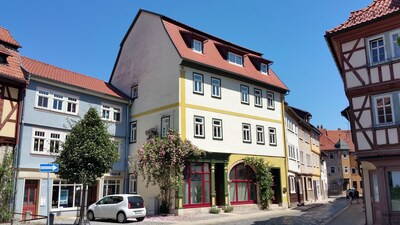 Geräumige 4 Sterne Maisonettewohnung im Herzen von Bad Langensalza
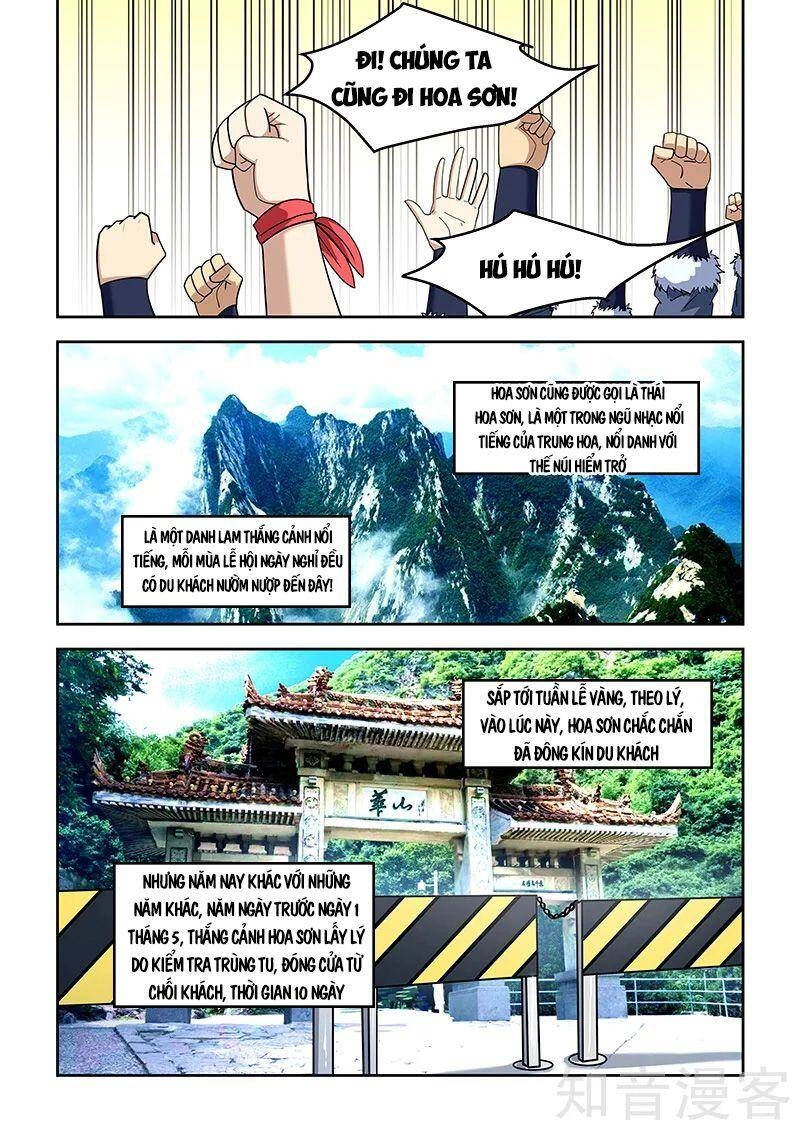 Đào Hoa Bảo Điển Chapter 403 - 3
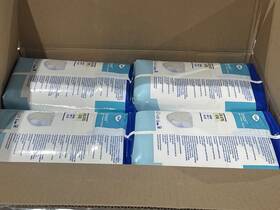 Tena 768702676700 4 X 20each 80 Stretch Plus Unisex Adult Large / X-large Disposable Briefs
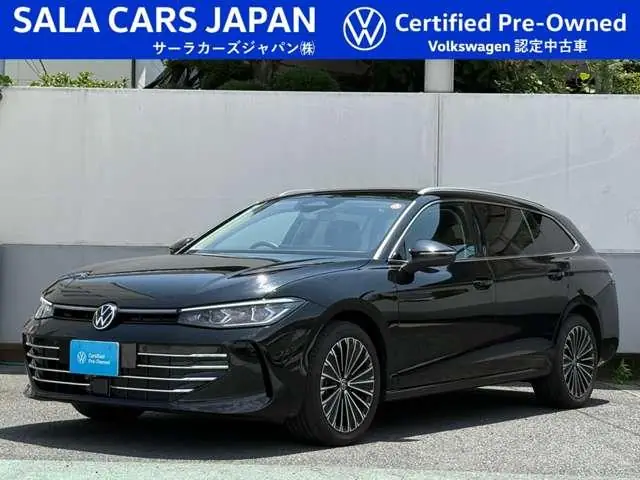 Volkswagen Passat 2025 из Японии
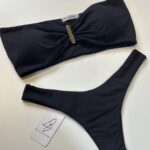 Biquíni Top Faixa TQC Preto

═══

# Work instructions
Exactly the lines from the line with "Đào Hoa Bảo Điển Chapter 403 - 3" through the end of the data are to be reproduced, and no picture is to be included.

# The answer
 Đào Hoa Bảo Điển Chapter 403 - 3
 Tena 768702676700 4 X 20each 80 Stretch Plus Unisex Adult Large / X-large Disposable Briefs
 Volkswagen Passat 2025 из Японии
 Biquíni Top Faixa TQC Preto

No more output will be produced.